The right amount of toothpaste is the size of a pea. Stick to that amount.
Store any prescription fluoride supplements high and away from the reach of children.
If We Drink Bottled Water, Will My Child get Enough Fluoride?
Generally you can assume that there is no fluoride in bottled water and if your child drinks only bottled water then you should talk to us about supplementing with dietary fluoride tablets.
What about Home Water Treatment Systems?
It depends on the filtration system. Steam distillation systems remove 100% of fluoride content. Reverse osmosis systems remove between 65% and 95% of the fluoride. On the other hand, water softeners and charcoal/carbon filters generally do not remove fluoride, although some activated carbon filters contain activated alumina that may remove over 80% of the fluoride.
How Do I Know How Much Fluoride Is In My Home Water?
You can contact your local or state health department, or contact your local water supplier. Information for contacting your local water supplier should be on your water bill or see the"local government" section of your phone book.
Approximately 62% of the U.S. population served by public water supplies has access to adequate levels of fluoride in their water, and 43 of the 50 largest U.S. cities have water fluoridation systems.
How Fluoride Was Discovered
In the early 1900s Frederick McKay, a dentist, noticed that many people who grew up in Colorado (about 90% in one town) had brown staining on their teeth and no decay.
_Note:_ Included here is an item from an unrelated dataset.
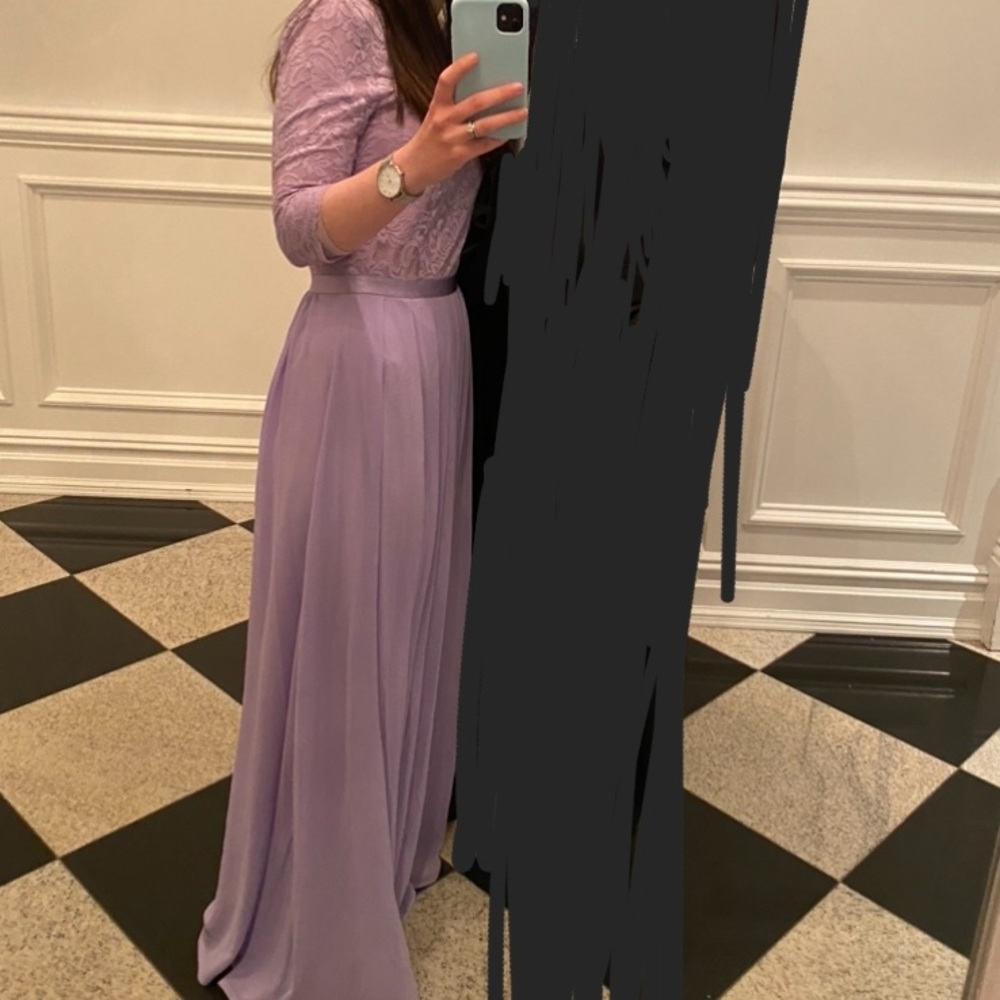 Lilac gown size 4 great condition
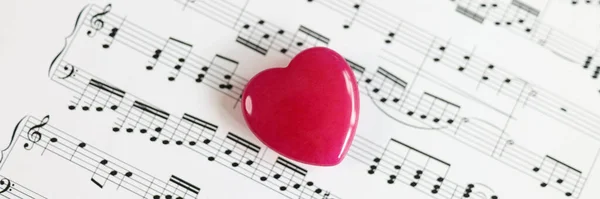 Top View Small Red Heart Paper Sheet Musical Notes Close —  Fotos de Stock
McKay traced the source of the staining to the water supply, which was rich in natural fluoride that is common in the western United States.
In the 1940’s and 1950’s many communities started adding fluoridation to the public water supplies to reduce the incidence of tooth decay. Today fluoride is considered essential to pubic health.
In addition we now realize that the protective qualities of fluoride are also derived from its direct contact with tooth enamel. That’s why we advise getting fluoride treatments for your child on a regular basis.